House of Fraser is in talks with its lenders to renegotiate its banking covenants in order to fund the expansion of its own ranges.

The retailer wants to drive margins by introducting more house brands, which currently account for 10% of total sales at the business. It wants to generate up to a third of sales from the offer over the next three years.

The capital freed up within the business will enable House of Fraser to buy more stock next year to fund the growth, requiring its covenants to be reset.

Sales of house brands at House of Fraser rose 33% over the Christmas period at House of Fraser, while total sales were up 7.1% on a like-for-like basis.

The company is looking to reset both its cash cover covenant and the ratio of net debt to EBITDA.

The retailer has about £180m ($284m) of debt and has offered lenders an extra 1.25 percentage points of interest in the first year, which will be reduced to 1 percentage point thereafter.

It is understood that its lenders will support the new debt structure. House of Fraser needs the approval of at least 67% of junior and senior leaders in order to approver renegotiated debt terms before March 12. It has already secured the approval of 63% of its lenders.
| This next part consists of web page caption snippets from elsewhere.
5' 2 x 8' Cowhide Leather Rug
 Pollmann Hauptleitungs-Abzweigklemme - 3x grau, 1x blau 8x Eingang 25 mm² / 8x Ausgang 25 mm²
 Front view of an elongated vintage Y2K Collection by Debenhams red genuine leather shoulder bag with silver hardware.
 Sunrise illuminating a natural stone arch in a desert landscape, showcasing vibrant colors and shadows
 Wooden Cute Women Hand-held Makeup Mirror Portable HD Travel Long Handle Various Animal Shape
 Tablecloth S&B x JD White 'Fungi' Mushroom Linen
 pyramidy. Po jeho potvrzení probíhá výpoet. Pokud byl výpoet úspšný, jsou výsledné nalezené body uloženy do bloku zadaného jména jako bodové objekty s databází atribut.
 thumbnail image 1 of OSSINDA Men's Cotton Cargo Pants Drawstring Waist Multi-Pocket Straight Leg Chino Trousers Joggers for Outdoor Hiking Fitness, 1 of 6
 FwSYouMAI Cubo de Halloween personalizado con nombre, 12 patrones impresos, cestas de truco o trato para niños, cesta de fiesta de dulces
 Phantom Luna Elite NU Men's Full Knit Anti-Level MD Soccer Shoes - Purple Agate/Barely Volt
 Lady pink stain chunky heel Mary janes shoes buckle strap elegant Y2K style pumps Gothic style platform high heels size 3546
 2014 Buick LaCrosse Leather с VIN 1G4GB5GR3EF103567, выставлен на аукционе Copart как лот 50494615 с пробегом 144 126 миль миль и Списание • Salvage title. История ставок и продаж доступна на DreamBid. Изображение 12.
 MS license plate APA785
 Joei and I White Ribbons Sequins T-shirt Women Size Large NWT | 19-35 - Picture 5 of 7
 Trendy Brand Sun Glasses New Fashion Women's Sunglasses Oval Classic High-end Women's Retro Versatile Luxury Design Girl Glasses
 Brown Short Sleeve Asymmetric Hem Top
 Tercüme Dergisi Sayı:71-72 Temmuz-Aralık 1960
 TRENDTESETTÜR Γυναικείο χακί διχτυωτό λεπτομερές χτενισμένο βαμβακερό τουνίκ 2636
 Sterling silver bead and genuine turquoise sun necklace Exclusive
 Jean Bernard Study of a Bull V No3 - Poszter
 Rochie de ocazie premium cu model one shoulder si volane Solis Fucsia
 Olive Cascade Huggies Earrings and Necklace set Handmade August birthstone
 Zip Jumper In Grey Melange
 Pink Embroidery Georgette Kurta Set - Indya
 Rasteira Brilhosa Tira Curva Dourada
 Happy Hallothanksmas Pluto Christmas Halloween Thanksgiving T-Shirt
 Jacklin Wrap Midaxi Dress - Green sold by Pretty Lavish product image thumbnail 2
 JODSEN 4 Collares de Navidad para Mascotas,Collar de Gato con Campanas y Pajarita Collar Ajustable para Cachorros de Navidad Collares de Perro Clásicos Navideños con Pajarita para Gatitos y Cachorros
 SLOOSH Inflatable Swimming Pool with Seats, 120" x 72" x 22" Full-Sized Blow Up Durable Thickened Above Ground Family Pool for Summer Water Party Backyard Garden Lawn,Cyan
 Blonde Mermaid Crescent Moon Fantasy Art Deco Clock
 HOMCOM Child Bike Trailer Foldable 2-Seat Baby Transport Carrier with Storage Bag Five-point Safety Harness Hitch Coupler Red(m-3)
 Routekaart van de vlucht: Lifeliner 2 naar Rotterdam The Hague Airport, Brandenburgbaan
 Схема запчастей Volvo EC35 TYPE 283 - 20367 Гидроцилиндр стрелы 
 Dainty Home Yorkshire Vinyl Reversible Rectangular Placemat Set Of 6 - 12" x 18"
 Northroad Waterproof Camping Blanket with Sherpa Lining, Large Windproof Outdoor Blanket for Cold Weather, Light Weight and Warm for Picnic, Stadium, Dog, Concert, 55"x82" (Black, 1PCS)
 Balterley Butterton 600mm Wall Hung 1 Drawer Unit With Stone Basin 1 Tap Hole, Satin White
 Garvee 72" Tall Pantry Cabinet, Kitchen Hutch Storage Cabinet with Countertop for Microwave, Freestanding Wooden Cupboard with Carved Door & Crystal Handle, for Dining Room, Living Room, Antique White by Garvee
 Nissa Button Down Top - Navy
House of Fraser was taken private in 2006 by now-defunct Icelandic investor Baugur.

Chairman of the 62-store chain Don McCarthy has a 22% stake in the business and Scottish investor Sir Tom Hunter also holds 10% stake. The 33% stake that Baugur owned was taken over by Icelandic bank Landsbanki following the administration of Baugur last year.

Last year the company paid down £20m of its borrowings.